▸ **Exercise instructions**
Once you find the line below that contains "Kinkdouble Buckle Wrist", write it out along with every later line exactly as given, stopping only when the records end. Omit the pictures.

▸ **Information**
┄┄┄┄┄┄

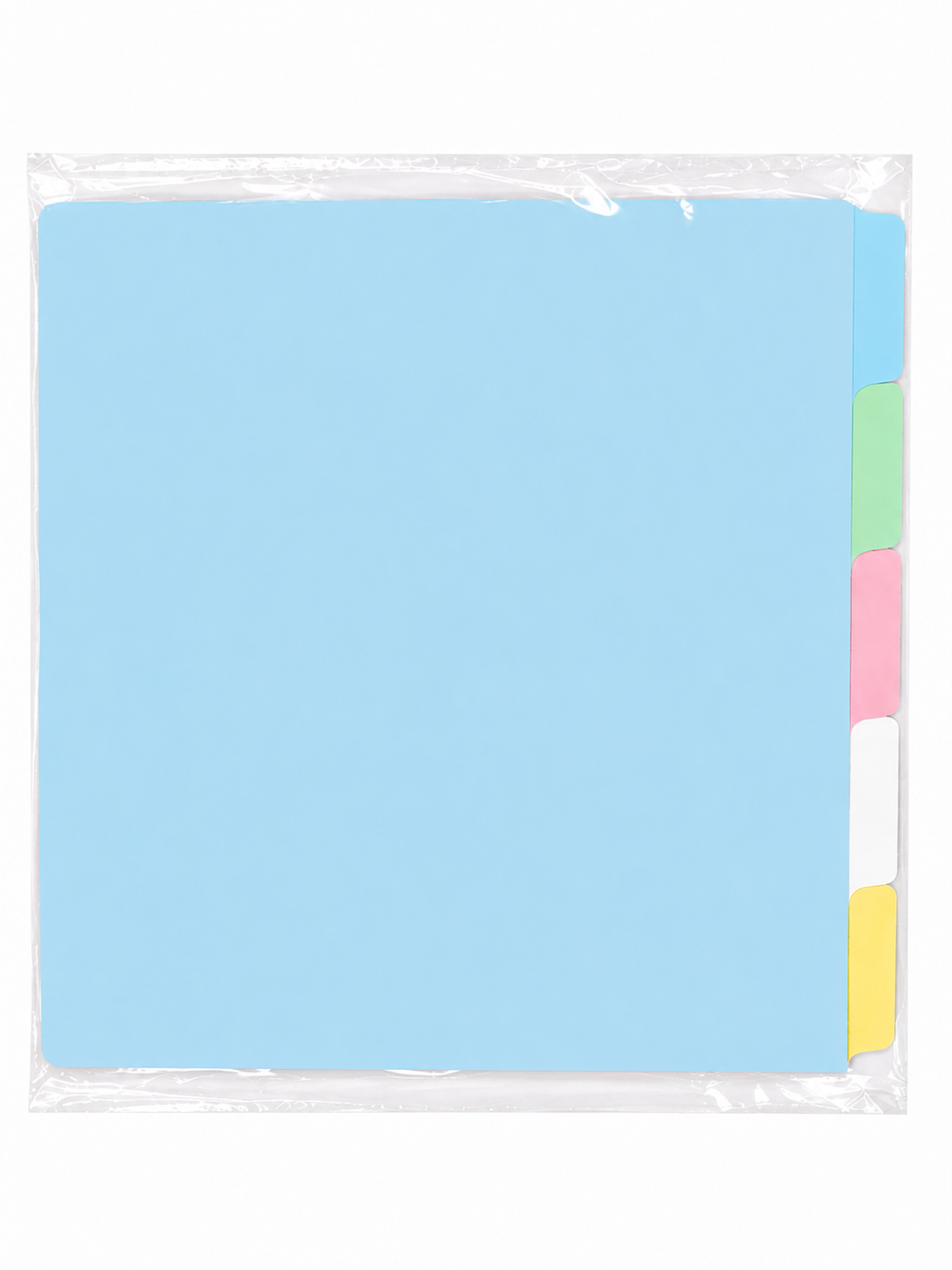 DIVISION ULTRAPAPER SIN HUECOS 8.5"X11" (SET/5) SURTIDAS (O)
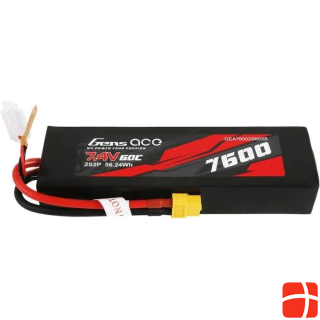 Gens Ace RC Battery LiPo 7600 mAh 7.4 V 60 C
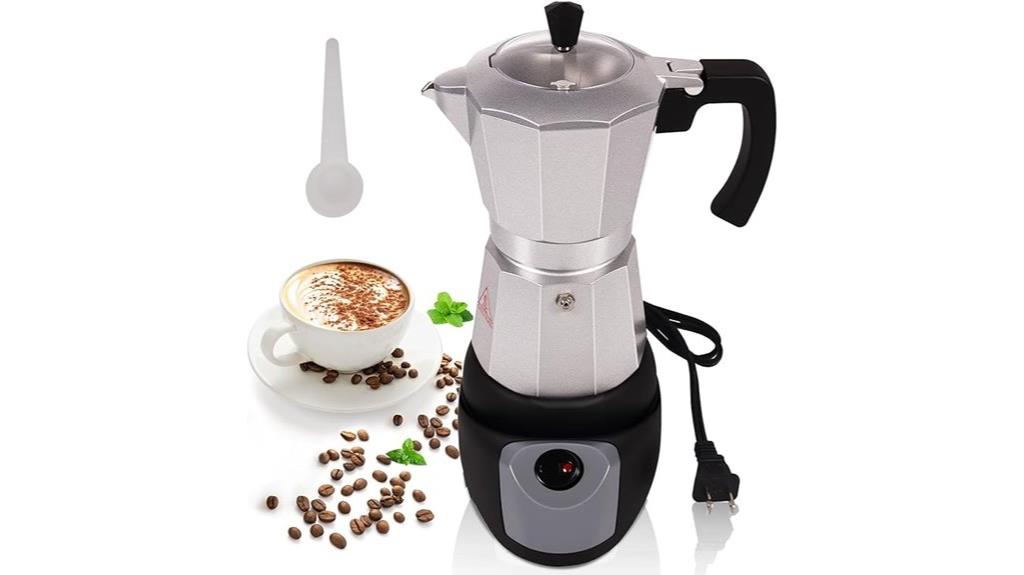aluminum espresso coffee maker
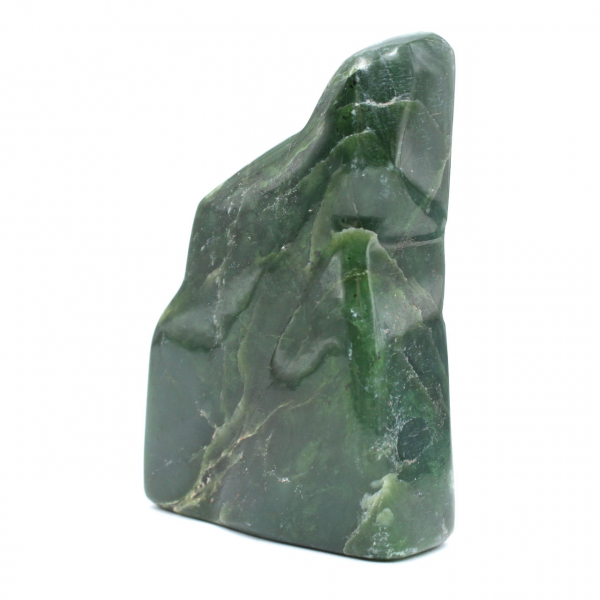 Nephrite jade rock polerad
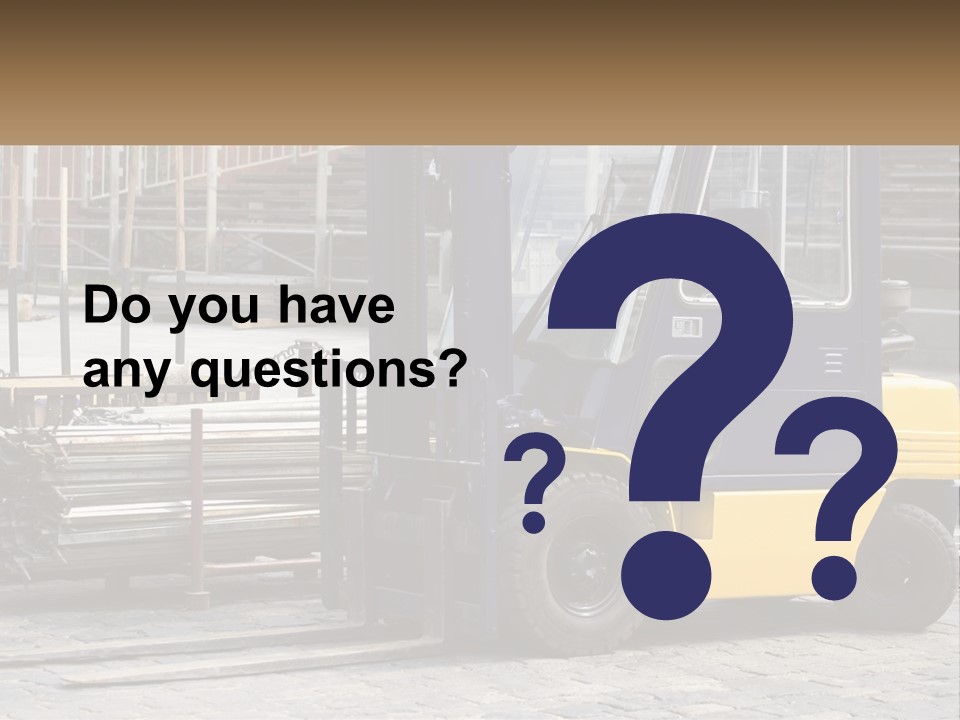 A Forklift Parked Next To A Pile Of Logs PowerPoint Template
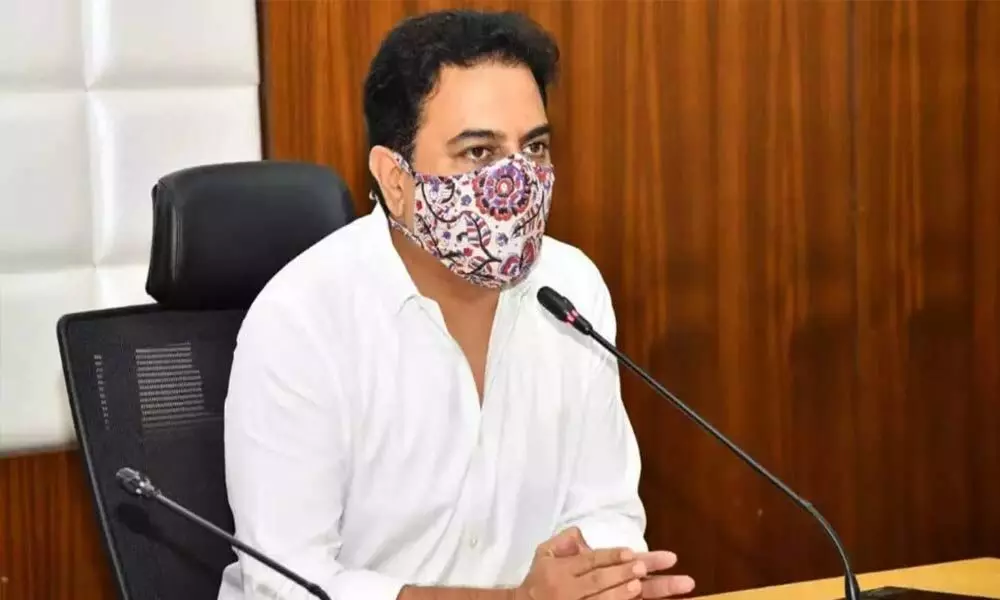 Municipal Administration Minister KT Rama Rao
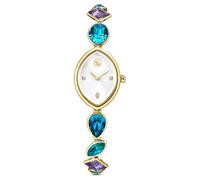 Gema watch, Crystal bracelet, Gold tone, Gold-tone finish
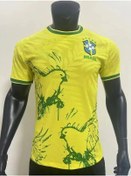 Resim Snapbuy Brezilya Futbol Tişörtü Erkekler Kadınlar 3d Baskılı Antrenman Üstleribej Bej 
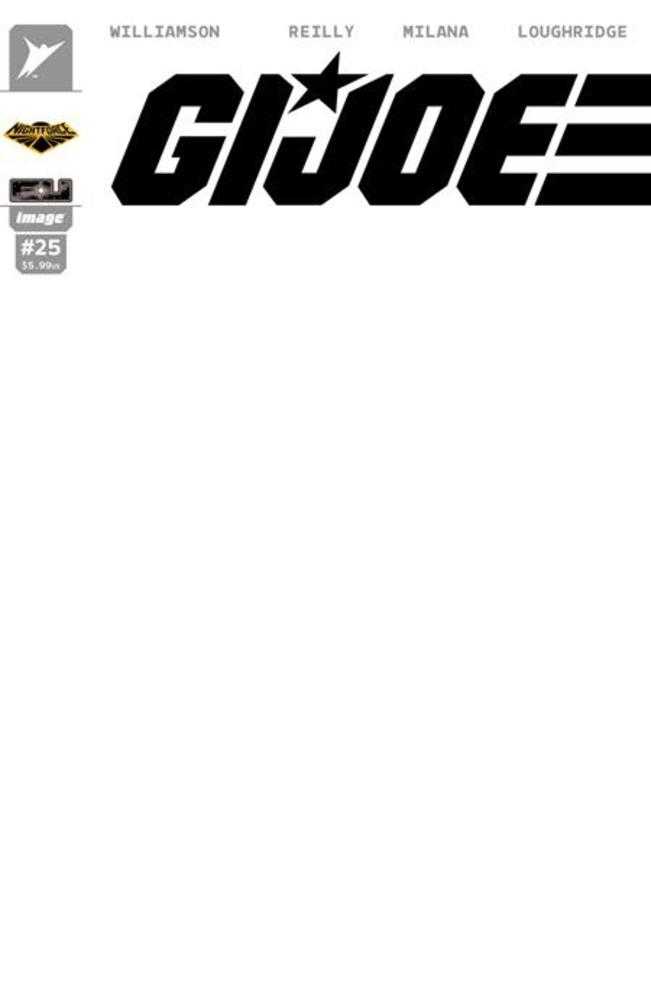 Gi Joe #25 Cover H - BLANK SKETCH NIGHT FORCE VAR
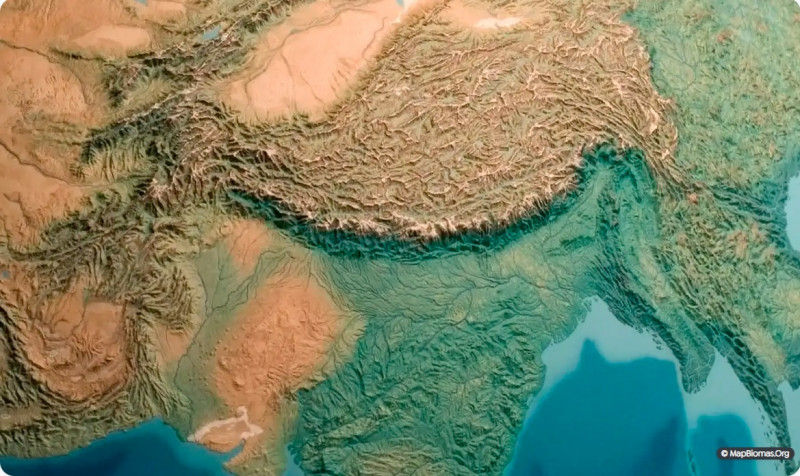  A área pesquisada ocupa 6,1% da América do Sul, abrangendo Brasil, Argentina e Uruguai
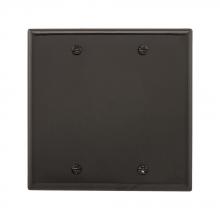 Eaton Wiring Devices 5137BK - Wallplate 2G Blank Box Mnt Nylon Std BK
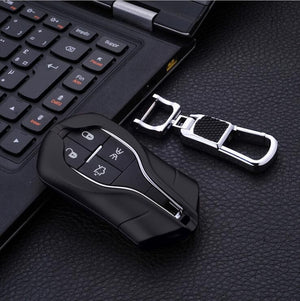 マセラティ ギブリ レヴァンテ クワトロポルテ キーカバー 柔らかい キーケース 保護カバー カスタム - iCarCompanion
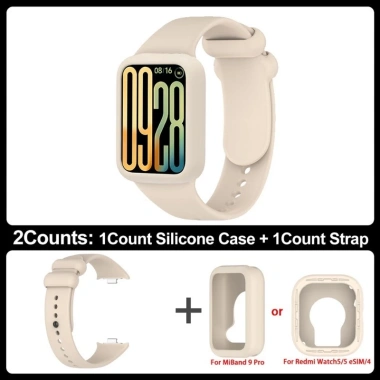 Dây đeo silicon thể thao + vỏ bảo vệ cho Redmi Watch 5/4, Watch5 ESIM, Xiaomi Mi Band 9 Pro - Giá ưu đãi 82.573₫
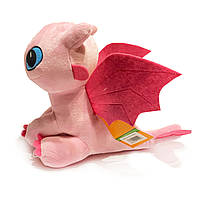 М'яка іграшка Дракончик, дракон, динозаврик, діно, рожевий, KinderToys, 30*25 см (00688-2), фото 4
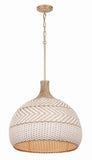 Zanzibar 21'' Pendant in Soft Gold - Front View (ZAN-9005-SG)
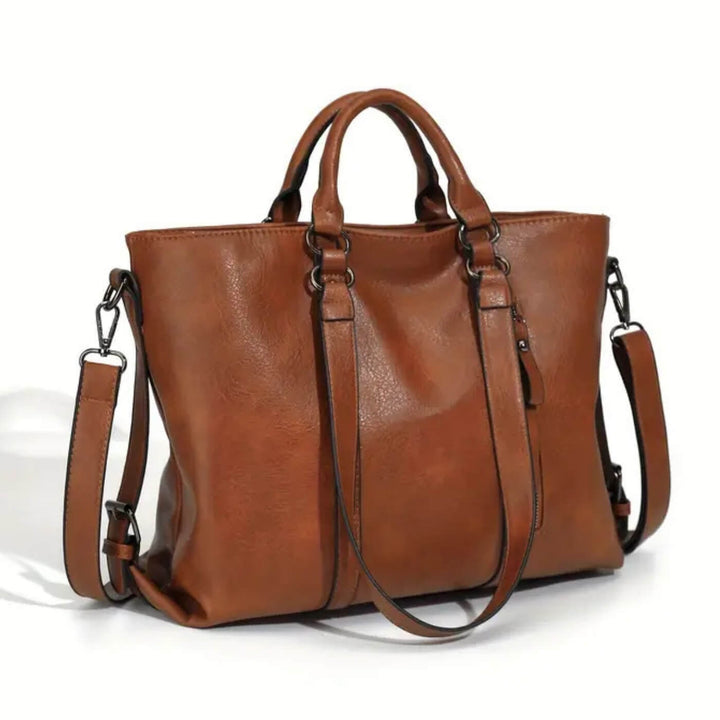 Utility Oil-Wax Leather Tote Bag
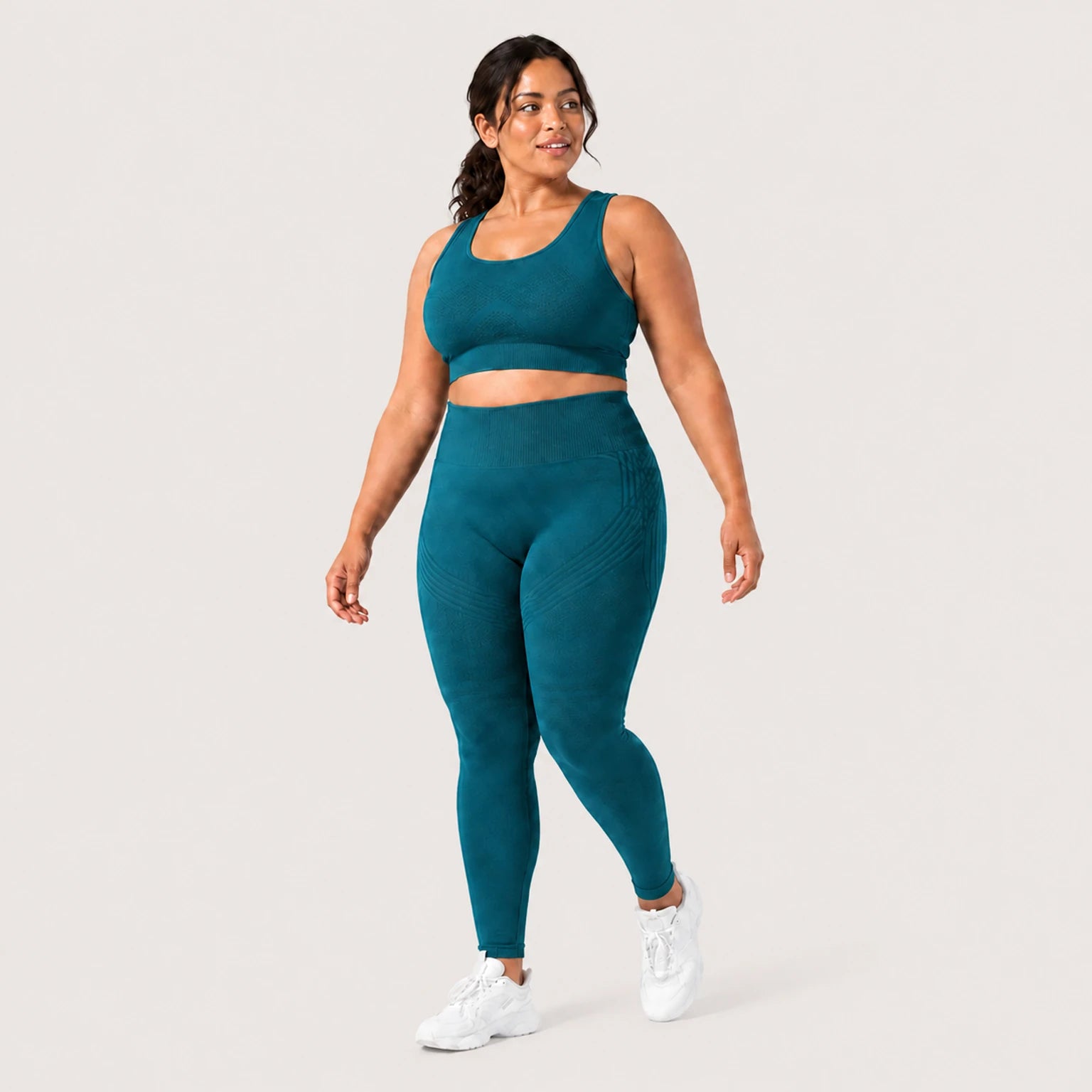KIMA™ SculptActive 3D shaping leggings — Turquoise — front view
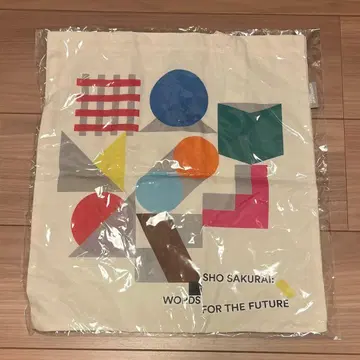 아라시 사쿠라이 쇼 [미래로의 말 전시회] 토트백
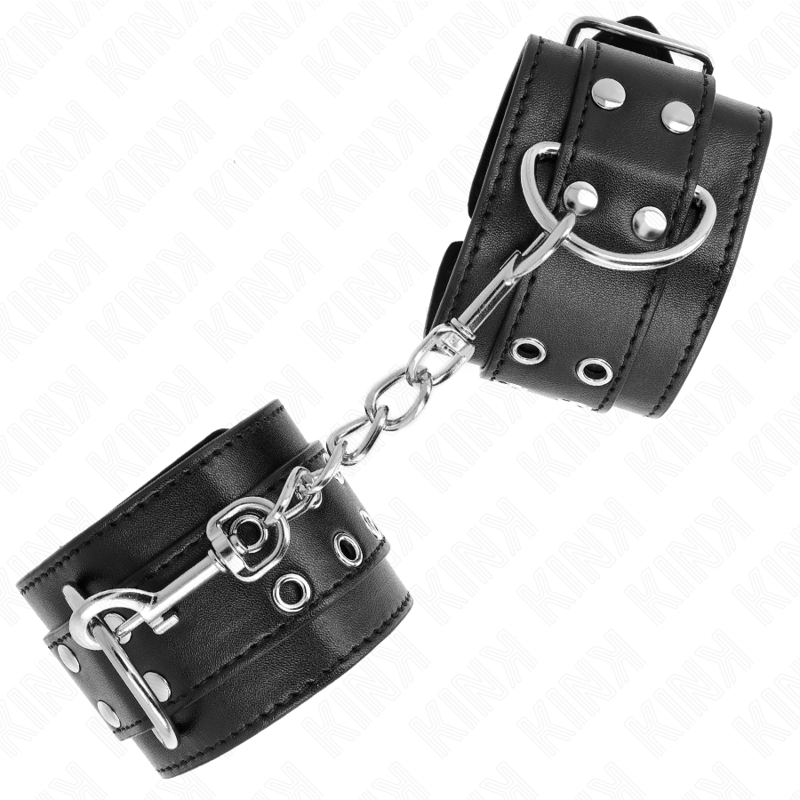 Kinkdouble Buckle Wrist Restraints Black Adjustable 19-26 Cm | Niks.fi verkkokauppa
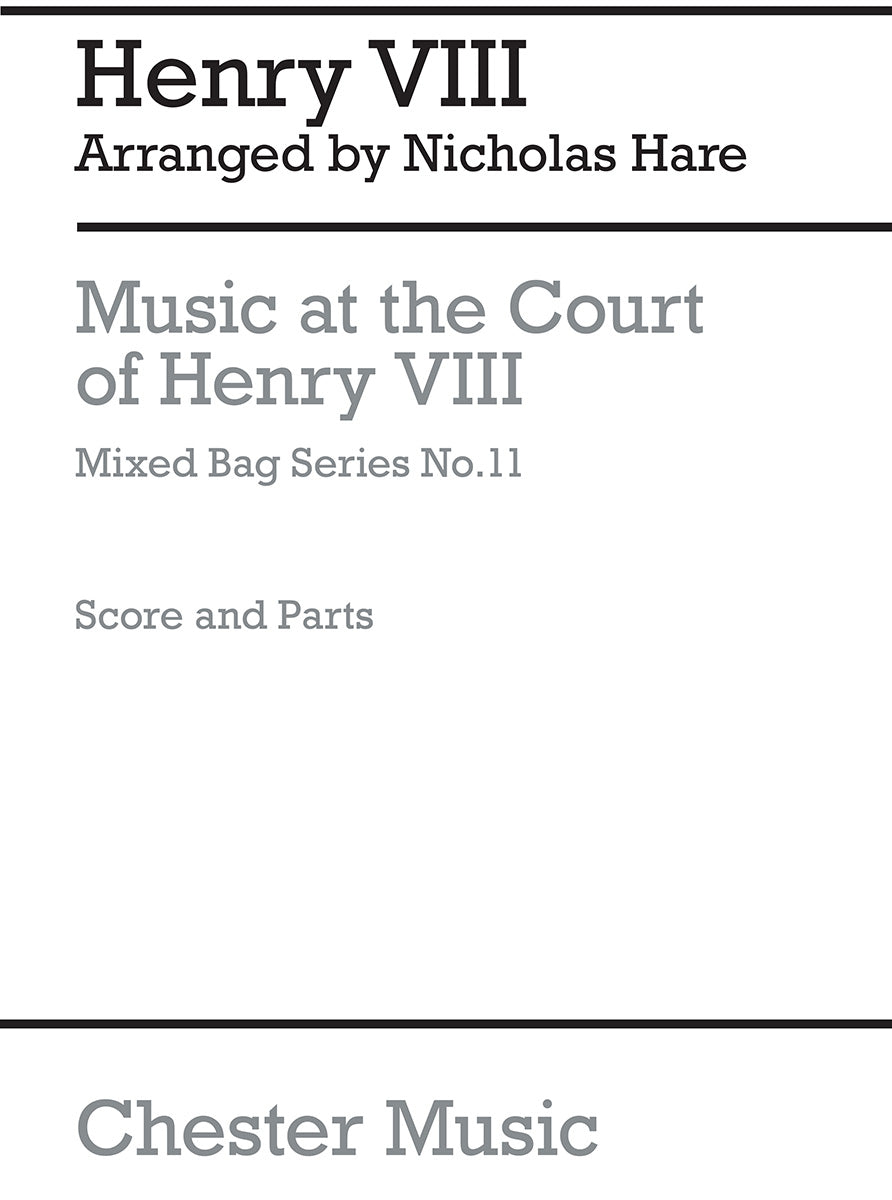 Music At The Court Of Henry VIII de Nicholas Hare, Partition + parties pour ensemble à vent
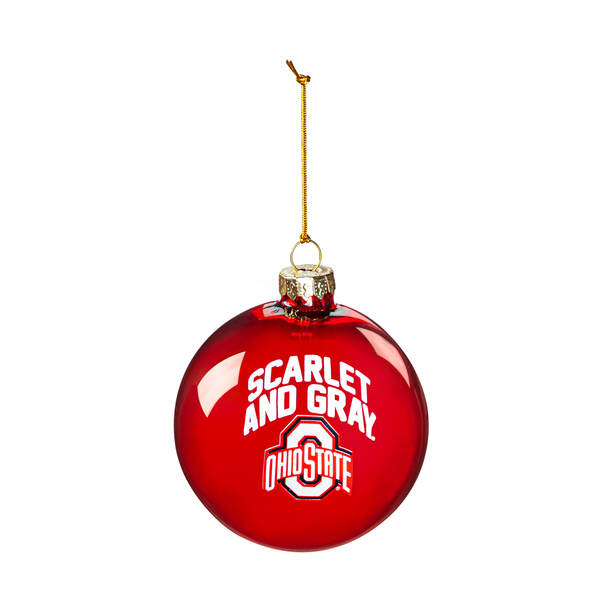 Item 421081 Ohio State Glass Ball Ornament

┄┄┄┄┄┄

▸ **Response area**
 Kinkdouble Buckle Wrist Restraints Black Adjustable 19-26 Cm | Niks.fi verkkokauppa
 Music At The Court Of Henry VIII de Nicholas Hare, Partition + parties pour ensemble à vent
 Item 421081 Ohio State Glass Ball Ornament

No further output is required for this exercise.